Bem, percebemos que o eixo neoliberal concentra a maior parte dos países da região. Além disso, é possível notar a centralidade da região andina nestas movimentações, seja pela permanência de países no eixo neoliberal, como Chile, Colômbia e Peru, seja pela mais grave crise regional, a venezuelana, e também pela mudança do Equador do eixo bolivariano para o eixo neoliberal.
O caso venezuelano é muito emblemático e deve ser tratado como caso especial, talvez o epicentro da crise do progressismo regional, da ingerência dos Estados Unidos e das indefinições destes processos contemporâneos na região.
Ao olharmos atentamente para o eixo neoliberal, por um lado, percebemos seu momento favorável, ao reverter a tendência de governos de esquerda e progressistas na região. Por outro, porém, percebemos que sua dinâmica ainda é bastante problemática. Os países que representam a continuidade neoliberal, Peru e Chile, passam por uma grave crise: no caso do primeiro, de ordem política e institucional e, no caso do segundo, por uma onda de protestos e mobilizações sociais.
Ao analisarmos os países que não faziam parte deste eixo, porque estavam situados mais à esquerda, mas que retornaram ao eixo neoliberal – ou seja, Equador e Argentina –, temos este último em uma grave crise econômica, e o primeiro, passando por protestos e mobilizações contra as políticas neoliberais do governo. E ainda podemos destacar, por exemplo, as incertezas do Brasil, a partir das peripécias do governo Bolsonaro, e os dilemas da Colômbia em função dos malogros com seu processo de paz.
E os Estados Unidos nisso tudo?
Quando se configurou a onda rosa e principalmente em relação aos países do chamado eixo bolivariano, os EUA marcaram posição na região não apenas demonstrando não apoiar a estes governos, mas, sobretudo, buscando desestabilizar os mesmos. Isso foi muito sintomático do que ocorreu com o golpe contra Chávez em 2002 e também em Honduras em 2008 e na Bolívia, neste mesmo ano.

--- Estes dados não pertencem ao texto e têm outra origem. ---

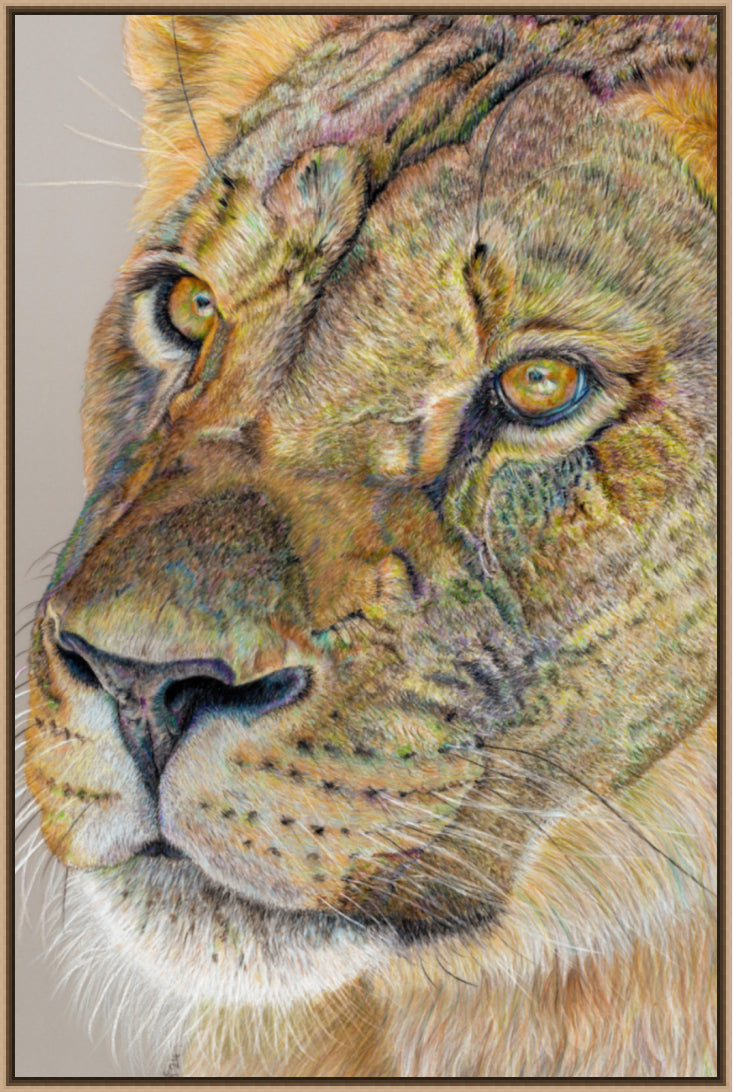 "Story Lines" Canvas Print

O posicionamento de Washington em relação aos novos governos do Brasil e do Paraguai depois dos impedimentos políticos de seus presidentes de esquerda também evidencia maior proximidade em relação a governos que sejam de direita e favoráveis ao modelo neoliberal. O neoliberalismo é o ponto central neste debate. A adesão ou o rechaço a este modelo determinam as relações com os Estados Unidos. Na crise equatoriana, ainda em curso, o governo Trump demonstrou total apoio a Lenín Moreno.

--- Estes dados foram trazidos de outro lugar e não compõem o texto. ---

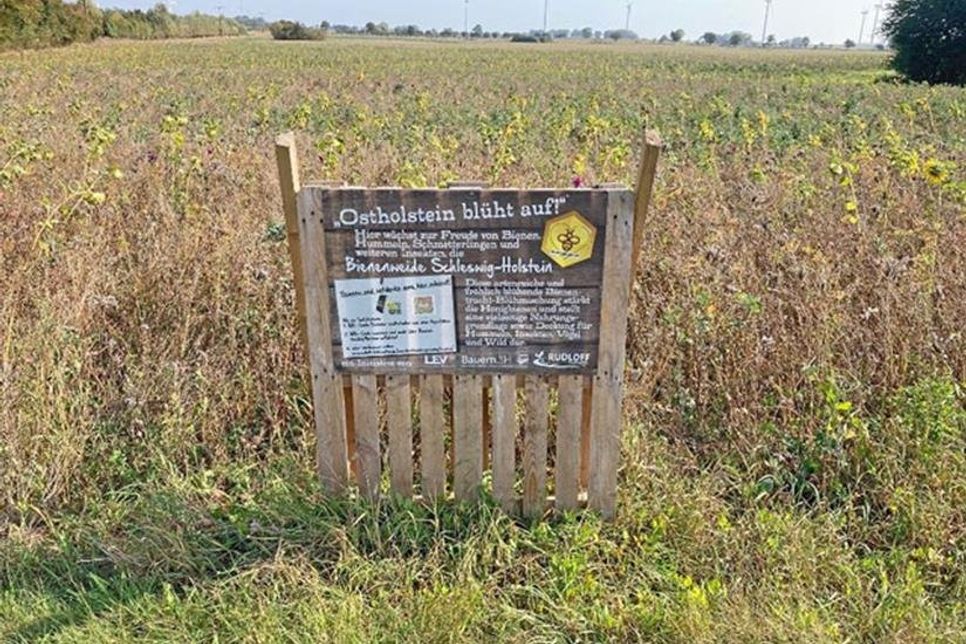 Eine der besichtigten Blühflächen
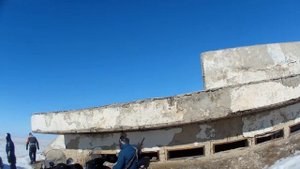 охота на волков   степные охотники 2021   Wolf Hunting 2021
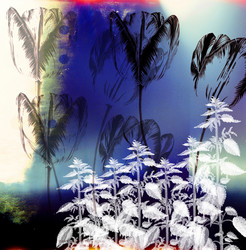 Similar image 8203860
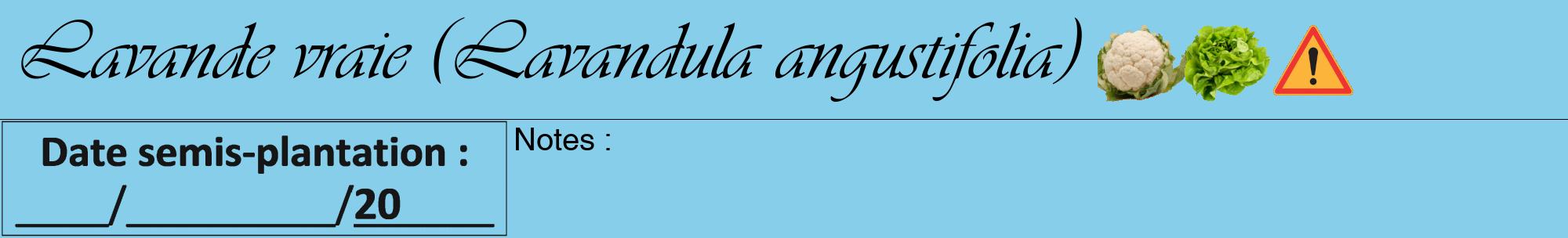 Étiquette de : Lavandula angustifolia - format a - style noire1viv avec comestibilité simplifiée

O ano de 2020 nos dirá muito sobre a sobrevivência política de alguns grupos, sobre a extensão desta crise no seio da reconfiguração neoliberal em nível hemisférico, sobre as eleições que estão ocorrendo em países como Argentina e Bolívia e, principalmente, a respeito do processo de impeachment de Trump e da sucessão presidencial na Casa Branca.

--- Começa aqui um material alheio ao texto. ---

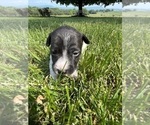 Small Photo #6 Rat Terrier Puppy For Sale in HARRISONBURG, VA, USA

* Renata Peixoto de Oliveira é pesquisadora do INCT-INEU e doutora em Ciência Política pelo DCP-UFMG. Professora do curso de Relações Internacionais e Integração e dos programas PPG-ICAL e PPG-PPD da Universidade Federal da Integração Latino-americana (UNILA), é líder do grupo CESPI-América do Sul e membro do grupo DALC-ALACIP. É autora do livro Sem Revoluções: os dilemas das democracias neoliberais andinas (ed. Appris, 2019).